[Data entries]
= = = = =

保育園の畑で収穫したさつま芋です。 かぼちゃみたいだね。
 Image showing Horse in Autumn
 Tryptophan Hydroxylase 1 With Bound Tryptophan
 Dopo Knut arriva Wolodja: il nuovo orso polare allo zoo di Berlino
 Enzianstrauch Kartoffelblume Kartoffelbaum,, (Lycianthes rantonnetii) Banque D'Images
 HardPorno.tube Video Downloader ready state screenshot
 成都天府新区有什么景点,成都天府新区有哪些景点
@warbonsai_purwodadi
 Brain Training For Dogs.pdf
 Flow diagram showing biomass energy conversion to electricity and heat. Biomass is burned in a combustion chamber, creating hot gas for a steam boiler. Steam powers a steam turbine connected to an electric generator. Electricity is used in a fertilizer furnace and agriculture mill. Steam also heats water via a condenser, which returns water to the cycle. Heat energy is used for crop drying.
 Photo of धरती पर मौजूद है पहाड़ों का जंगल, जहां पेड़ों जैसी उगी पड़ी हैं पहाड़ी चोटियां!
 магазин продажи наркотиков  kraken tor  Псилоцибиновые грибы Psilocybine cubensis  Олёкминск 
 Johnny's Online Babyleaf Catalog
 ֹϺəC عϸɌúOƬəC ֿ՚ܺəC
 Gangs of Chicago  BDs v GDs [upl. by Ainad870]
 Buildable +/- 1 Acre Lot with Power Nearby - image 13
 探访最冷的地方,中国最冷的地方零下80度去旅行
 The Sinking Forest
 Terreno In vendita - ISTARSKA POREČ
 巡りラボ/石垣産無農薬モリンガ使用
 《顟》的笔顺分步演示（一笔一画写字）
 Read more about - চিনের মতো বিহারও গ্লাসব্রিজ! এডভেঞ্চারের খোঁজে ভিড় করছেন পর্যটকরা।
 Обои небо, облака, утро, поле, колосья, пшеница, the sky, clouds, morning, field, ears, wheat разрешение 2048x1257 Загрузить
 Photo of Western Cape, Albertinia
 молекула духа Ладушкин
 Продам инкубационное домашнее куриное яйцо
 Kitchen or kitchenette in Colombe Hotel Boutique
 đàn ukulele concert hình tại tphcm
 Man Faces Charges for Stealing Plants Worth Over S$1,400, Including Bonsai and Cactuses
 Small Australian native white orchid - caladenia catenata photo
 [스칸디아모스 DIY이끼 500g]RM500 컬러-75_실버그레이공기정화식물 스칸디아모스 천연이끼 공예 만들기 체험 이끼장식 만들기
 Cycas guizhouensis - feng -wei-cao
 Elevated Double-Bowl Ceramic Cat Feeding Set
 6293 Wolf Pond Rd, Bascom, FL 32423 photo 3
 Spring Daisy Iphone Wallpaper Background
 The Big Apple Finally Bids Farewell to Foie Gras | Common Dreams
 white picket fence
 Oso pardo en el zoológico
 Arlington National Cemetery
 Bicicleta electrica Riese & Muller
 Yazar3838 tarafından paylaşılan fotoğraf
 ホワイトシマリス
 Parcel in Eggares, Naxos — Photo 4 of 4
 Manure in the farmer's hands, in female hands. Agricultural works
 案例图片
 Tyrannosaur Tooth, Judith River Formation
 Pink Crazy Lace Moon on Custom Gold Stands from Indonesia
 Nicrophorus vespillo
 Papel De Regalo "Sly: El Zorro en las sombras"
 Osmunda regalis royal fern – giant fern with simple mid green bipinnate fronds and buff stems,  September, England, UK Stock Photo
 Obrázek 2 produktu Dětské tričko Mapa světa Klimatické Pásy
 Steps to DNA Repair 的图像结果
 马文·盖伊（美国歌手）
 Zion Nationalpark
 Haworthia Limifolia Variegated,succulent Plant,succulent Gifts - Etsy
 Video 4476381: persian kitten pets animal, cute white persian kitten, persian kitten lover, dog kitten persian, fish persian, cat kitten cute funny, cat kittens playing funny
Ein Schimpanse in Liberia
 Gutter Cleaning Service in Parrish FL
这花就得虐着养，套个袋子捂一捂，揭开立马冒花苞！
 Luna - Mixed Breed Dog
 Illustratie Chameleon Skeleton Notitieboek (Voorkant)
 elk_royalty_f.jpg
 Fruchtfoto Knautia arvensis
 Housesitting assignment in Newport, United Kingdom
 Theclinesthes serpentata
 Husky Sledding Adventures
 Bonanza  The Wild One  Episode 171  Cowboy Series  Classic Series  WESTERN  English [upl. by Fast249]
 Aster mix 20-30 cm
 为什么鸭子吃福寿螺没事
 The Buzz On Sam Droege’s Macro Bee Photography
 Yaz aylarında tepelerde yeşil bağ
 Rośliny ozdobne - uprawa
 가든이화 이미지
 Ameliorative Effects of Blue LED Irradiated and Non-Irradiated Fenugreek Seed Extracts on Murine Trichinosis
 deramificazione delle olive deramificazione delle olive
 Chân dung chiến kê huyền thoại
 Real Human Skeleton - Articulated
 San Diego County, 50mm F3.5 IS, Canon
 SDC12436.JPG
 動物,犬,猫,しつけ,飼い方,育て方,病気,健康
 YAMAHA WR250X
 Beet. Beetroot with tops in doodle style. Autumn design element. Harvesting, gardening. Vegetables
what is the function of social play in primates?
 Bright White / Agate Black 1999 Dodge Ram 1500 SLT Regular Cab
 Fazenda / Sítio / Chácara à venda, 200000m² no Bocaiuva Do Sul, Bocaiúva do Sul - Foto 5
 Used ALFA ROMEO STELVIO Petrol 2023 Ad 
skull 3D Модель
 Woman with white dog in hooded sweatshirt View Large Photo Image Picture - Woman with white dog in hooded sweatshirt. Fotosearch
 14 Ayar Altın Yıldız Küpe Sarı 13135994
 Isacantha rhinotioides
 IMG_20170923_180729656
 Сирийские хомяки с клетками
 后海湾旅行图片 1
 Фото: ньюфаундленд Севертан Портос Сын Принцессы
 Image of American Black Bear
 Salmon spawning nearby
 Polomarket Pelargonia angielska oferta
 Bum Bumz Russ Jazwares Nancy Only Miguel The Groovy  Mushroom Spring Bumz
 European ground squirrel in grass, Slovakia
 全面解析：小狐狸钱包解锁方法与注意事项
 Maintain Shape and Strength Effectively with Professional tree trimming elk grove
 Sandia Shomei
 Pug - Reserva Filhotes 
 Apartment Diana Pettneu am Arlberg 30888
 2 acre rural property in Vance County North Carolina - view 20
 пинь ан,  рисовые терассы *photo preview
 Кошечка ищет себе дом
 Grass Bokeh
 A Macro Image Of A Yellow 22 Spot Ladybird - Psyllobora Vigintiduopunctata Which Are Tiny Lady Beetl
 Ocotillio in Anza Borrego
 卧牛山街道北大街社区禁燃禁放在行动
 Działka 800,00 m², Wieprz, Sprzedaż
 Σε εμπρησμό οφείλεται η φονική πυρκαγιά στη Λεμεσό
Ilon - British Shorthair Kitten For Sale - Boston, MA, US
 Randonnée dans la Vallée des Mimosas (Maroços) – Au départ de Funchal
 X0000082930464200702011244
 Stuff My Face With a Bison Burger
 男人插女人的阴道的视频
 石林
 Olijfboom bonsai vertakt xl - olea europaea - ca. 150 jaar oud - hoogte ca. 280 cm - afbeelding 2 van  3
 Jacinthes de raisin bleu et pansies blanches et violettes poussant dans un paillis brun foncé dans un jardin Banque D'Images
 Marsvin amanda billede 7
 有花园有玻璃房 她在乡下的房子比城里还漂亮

= = = = =

● Task directions
Within the records, how many lines carry the word "Black"? Reply with the figure alone.

● Exercise result
2